* **What is expected**
Leave every picture out and print exactly the lines that run from the one containing "G-Star Raw Shirt" to the end of the listing.
··· Data
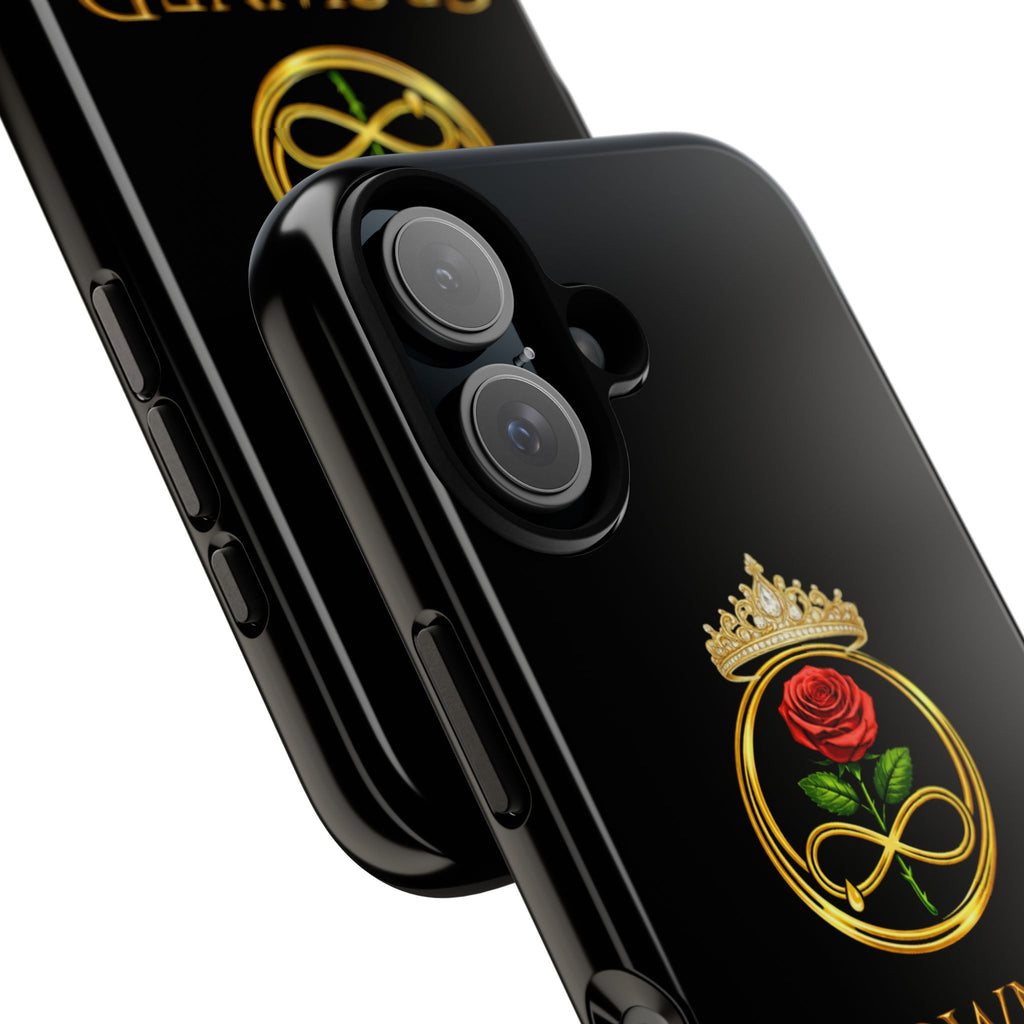 ' A Rose Crowned in Strength Phone Case Rose golden  — Protective Black Case with Rose & Crown Empowerment Design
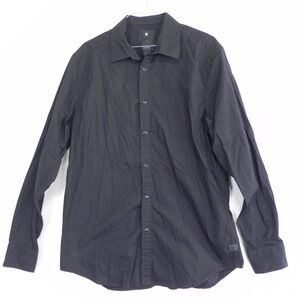 G-Star Raw Shirt Mens Large Landoh Clean Casual Pearl Snap Black Long Sleeve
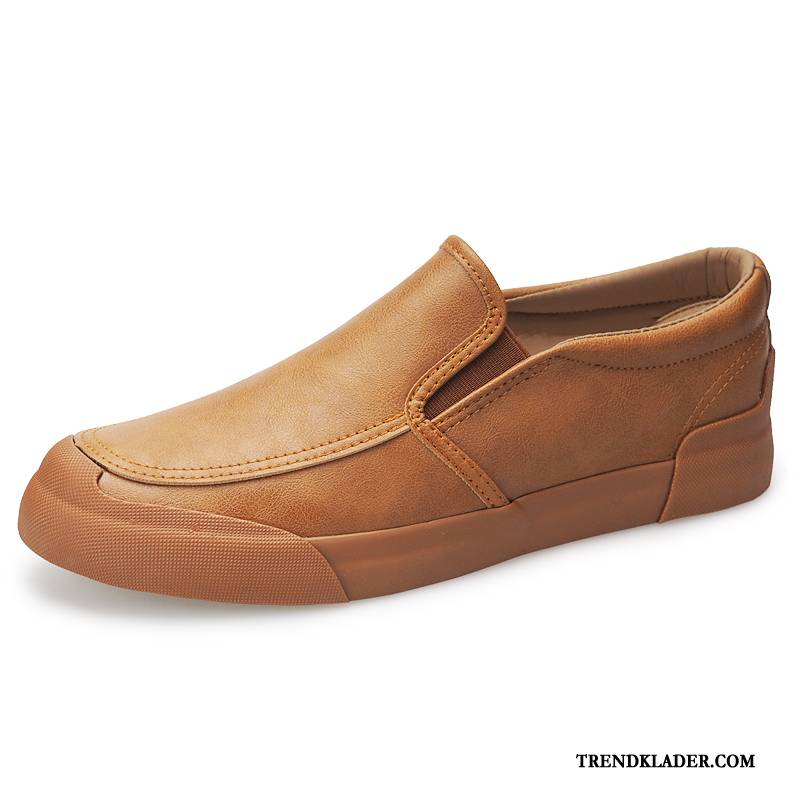 Mockasiner Herr Loafers Vår Skor Trend Casual Läderskor Vinröd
······
* **Solution to this exercise**
 G-Star Raw Shirt Mens Large Landoh Clean Casual Pearl Snap Black Long Sleeve
 Mockasiner Herr Loafers Vår Skor Trend Casual Läderskor Vinröd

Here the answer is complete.